同成果は、理科大 理学部第一部応用物理学科の樋口透准教授、理科大大学院 理学研究科の高栁真大学院生(研究当時)、物質・材料研究機構(NIMS) 国際ナノアーキテクトニクス研究拠点の土屋敬志主幹研究員、同・寺部一弥MANA主任研究者らの共同研究チームによるもの。詳細は、材料の物理学を扱う学術誌「Materials Today Physics」に掲載された。

電極と固体電解質などの異なる層が接する界面は、全固体LIBやキャパシタなど、さまざまなデバイスの電気特性を決定づけることから、その構造設計が重要だ。電極/固体電解質のような異なる層の界面の近傍には、正または負の電荷や電解質イオンが並ぶことで自発的に薄い2層構造が形成される。同層を「電気二重層」といい、その形成が電子物性に与える効果のことを「電気二重層(EDL)効果」と呼ぶ。

EDL効果は、リチウムイオン輸送における高い界面抵抗の要因の1つであり、全固体LIBの充放電特性に大きな影響を与えることがわかっている。しかし、固体/固体界面における詳細なEDL構造についてはまだ不明な点も少なくなかった。

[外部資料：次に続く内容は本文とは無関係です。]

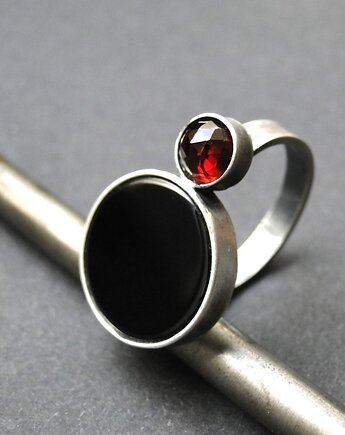 Pierścień Onyks & granat, Memero
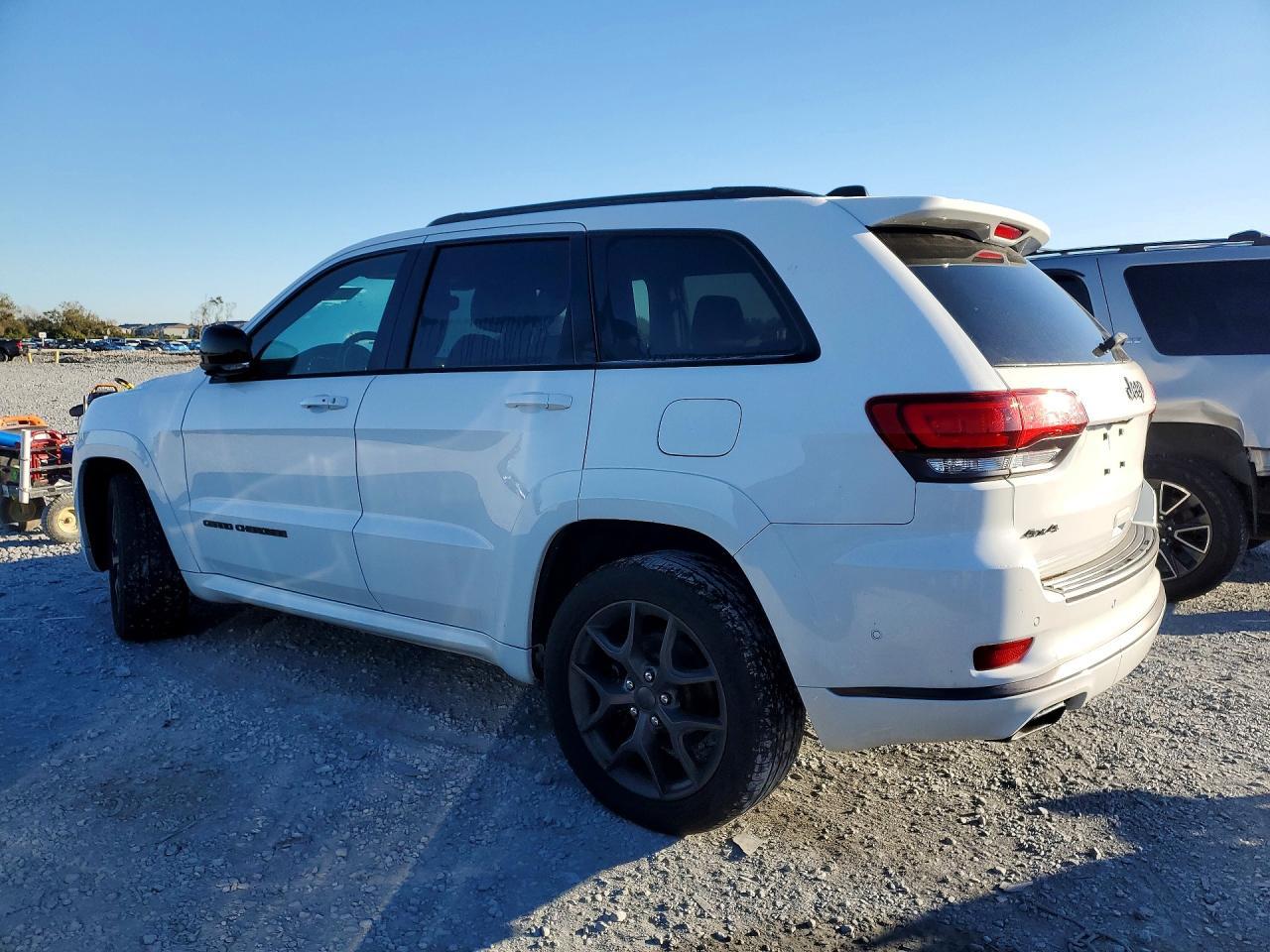 2019 Jeep Grand Cherokee Limited - Image 2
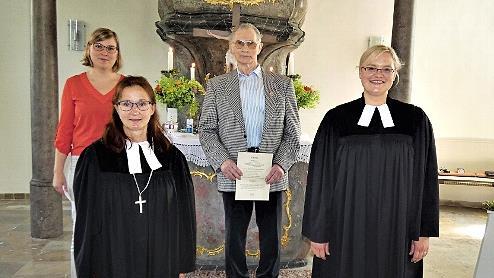 Dekanatskantorin Heubeck, Dekanin Beck, Hans Wölfel und Pfarrerin Anna Städtler-Klemesch (von links)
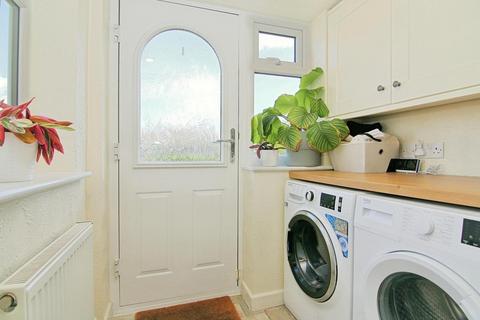 3 bedroom end of terrace house for sale, Park Road, Bramley, LS13 2LT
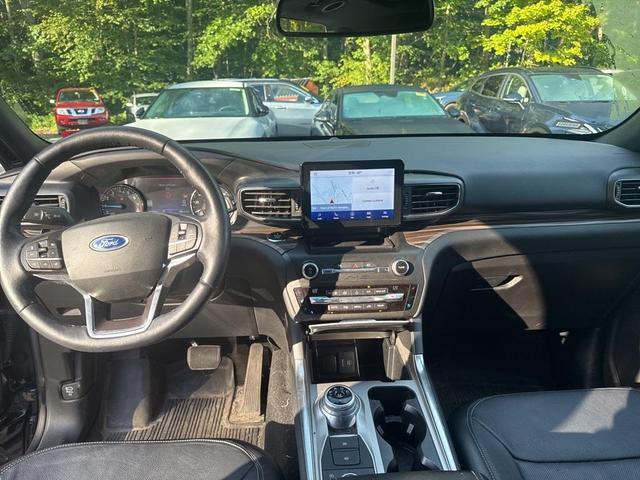 Photo of 2020 Black Ford Explorer
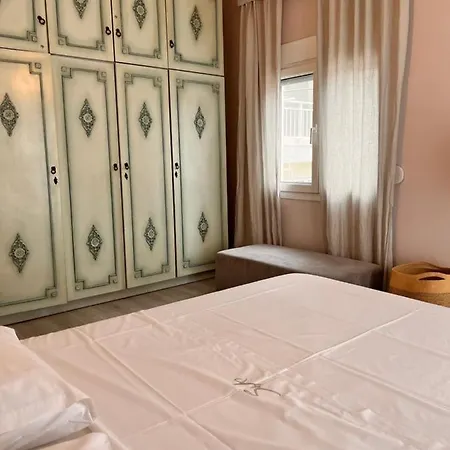 Acanthus Apartment *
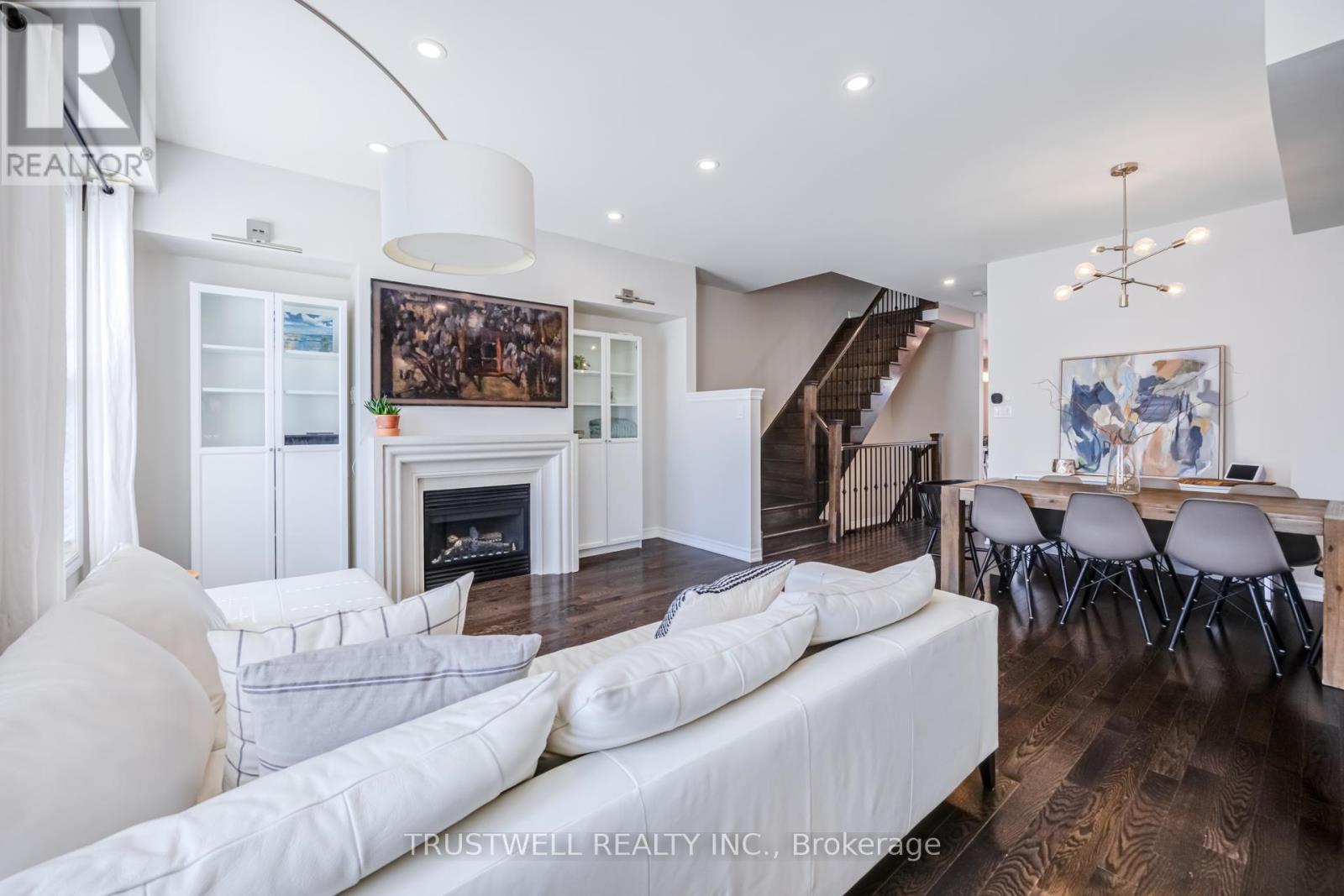 76 Donald Buttress Boulevard W, Markham, Ontario  L6C 0P1 - Photo 9 - N12937986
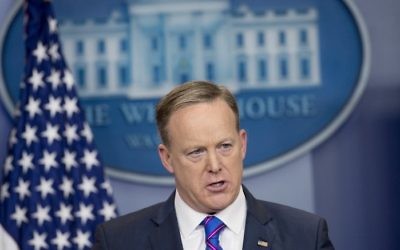 Sean Spicer, attaché de presse de la Maison Blanche, lors du point-presse quotidien dans la Salle Brady, réservée aux rencontres avec les journalistes, à la Maison Blanche, le 14 février 2017. (Crédit : Saul Loeb/AFP)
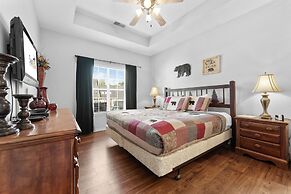 Green Mountain Grand 4 Bedroom Condo by RedAwning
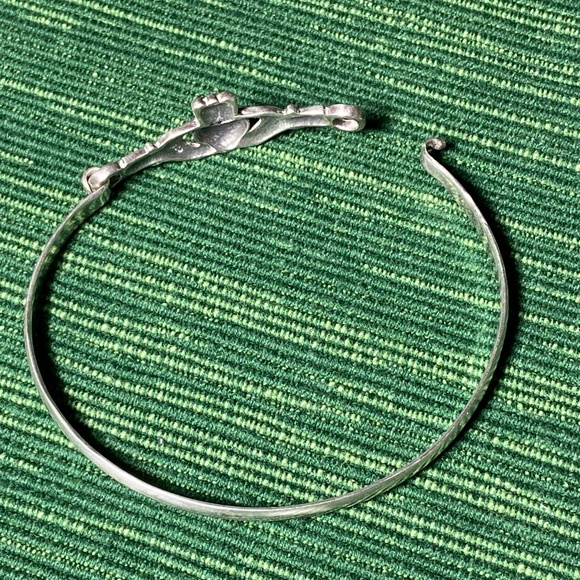 Vintage Sterling Silver Claddagh Hinged Bracelet from Ireland; New Condition - Picture 8 of 16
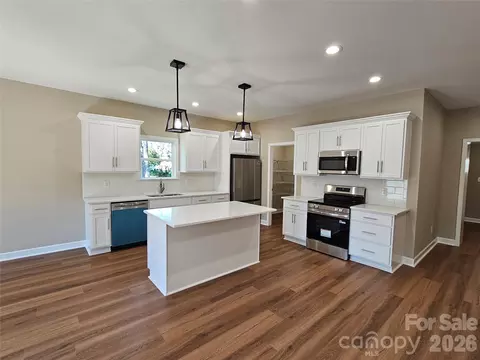 Kitchen - 3670 Travertine Dr, Lancaster, SC 29720 photo 1 of 3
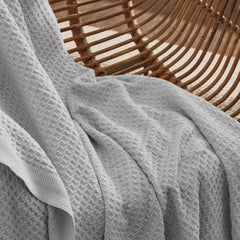 Bedsure couverture posée sur lit king illustrant couverture bien ajustée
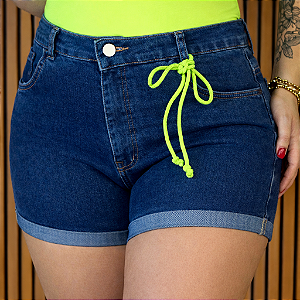 SHORT JEANS COM STRETCH E CORDINHA VERDE NEON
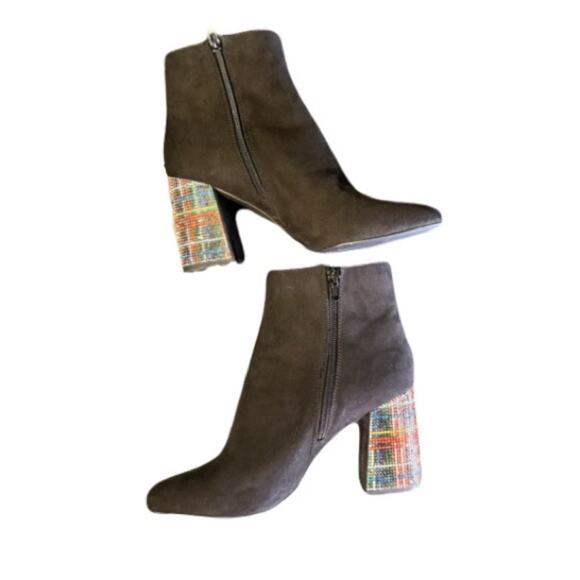 Betsey Johnson Kassie-R Black Ankle Boots with Rhinestoned Chunky 3” Heel Size 8 - Picture 2 of 7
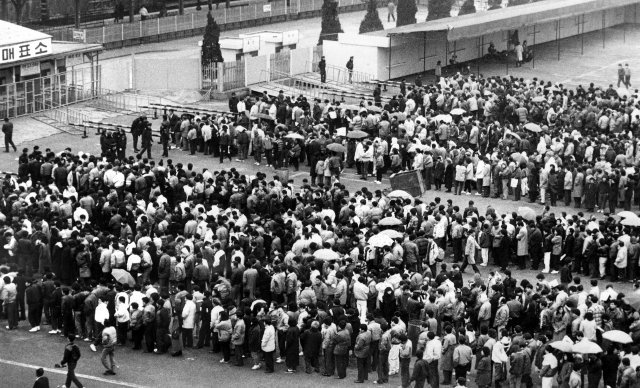 1990년 용산역 광장에 시민들이 열차표 예매를 위해 줄지어 서있다. 동아일보 DB.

そうした背景の下、EDLトランジスタ(EDLT)とホール測定を用いることで、電極近傍で静電的に発生するEDL電荷の有無を検出する新しい実験手法を2021年に開発したのが、研究チームだ。同手法により、電極界面から5nm以下の領域では、EDL効果が電解質組成に強く依存することが解明された。つまり、電極/固体電解質界面に特定の電解質を挿入することによって、EDL効果を抑制できることがわかったのである。なお全固体LIBでも、電極/固体電解質界面への中間層を挿入することによってユニークな現象が生じることが確認されているという。このような界面物性の解明は、全固体LIBをはじめとする固体電解質を用いたデバイスの開発において重要だとする。

そこで今回の研究では、そのような界面物性の解明を目指し、水素化ダイヤモンド(H-diamond)ベースのEDLTとリチウム固体電解質(Li-Si-Zr-O)を用いて、固体/固体界面におけるEDLの厚さとCEDLについての検討を行うことにしたという。